The Hottest Day of Your Life — So Far

The Hottest Day of Your Life — So Far

Temperature records aren’t what they used to be. In the past, when a given area set some particular mark, they could usually enjoy it for a bit before seeing the record fall again. Not so much anymore.

On Sunday, the given area was the entire globe, and the particular mark was “warmest day in recorded history.”

The record stood until Monday.

According to preliminary data from the E.U.’s Copernicus Climate Change Service, the global average temperature has never been higher than those consecutive days. After more than a year straight of record-warm months, in the historically hottest month of the year, we all, collectively, just experienced the pinnacle of warming so far.

Of course, individuals don’t experience global averages. Instead, we get to enjoy the extreme heat waves and record-breaking days (and nights) that contribute to those smoothed out totals. Fairbanks, Alaska, was expected to possibly hit 90 degrees F this week. Spain has already sweltered through two extended heat waves this summer, and temperatures early next week could approach 115 degrees in some places.
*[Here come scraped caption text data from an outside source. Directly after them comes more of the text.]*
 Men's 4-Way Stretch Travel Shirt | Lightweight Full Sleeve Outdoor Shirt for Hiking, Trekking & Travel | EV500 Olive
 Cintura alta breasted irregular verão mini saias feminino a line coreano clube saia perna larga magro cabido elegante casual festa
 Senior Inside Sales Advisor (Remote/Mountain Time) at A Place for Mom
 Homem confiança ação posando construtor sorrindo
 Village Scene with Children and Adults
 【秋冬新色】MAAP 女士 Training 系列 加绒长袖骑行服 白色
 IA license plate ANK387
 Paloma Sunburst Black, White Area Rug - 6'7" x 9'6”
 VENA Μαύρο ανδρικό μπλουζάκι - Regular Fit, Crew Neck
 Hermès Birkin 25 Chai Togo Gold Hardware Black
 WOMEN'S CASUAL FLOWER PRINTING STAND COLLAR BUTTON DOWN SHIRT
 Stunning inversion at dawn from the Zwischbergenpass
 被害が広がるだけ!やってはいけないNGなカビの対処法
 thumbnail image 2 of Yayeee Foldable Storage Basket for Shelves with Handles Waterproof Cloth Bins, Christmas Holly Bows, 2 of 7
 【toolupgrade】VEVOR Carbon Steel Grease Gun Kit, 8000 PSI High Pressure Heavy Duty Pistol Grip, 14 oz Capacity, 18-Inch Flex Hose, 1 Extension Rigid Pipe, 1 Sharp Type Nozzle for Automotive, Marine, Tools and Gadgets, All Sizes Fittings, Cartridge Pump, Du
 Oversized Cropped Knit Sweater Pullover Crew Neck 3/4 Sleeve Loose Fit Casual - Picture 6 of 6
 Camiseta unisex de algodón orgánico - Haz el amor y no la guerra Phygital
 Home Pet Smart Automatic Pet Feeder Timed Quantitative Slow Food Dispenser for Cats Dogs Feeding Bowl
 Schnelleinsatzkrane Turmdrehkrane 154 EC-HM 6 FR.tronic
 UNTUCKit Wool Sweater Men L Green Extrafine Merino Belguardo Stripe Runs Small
Eastern Europe is suffering through triple-digit heat as well; in Serbia, where Belgrade reached 104 degrees recently, the heat and drought led Lake Rusanda (pictured above) to dry up for the first time in recorded history. Las Vegas has seen its “most extreme heat wave in the history of record-keeping.” In India, 40,000 cases of suspected heat stroke have been reported since this summer began.

But that “pinnacle of warming” factoid is less important than the caveat — so far. There isn’t really a pinnacle here, not yet, not until emissions come down dramatically and some of the CO2 already up in the atmosphere starts to come down, with our help or without it. As July turns to August the global average temperature will dip, as it always does, and at some point, the string of record-breaking months will stop as well (meaning we’ll get the second- or third- or fourth-warmest September or November, not an actual below-average month). There may even be a year that dips down to fourth, or seventh, or ninth on the list of warmest years on record — maybe.

But the lines, in general, will keep going up. Next July will offer a new chance to break Sunday’s and Monday’s record days; if it doesn’t happen then, it will the following year, and probably again the year after that.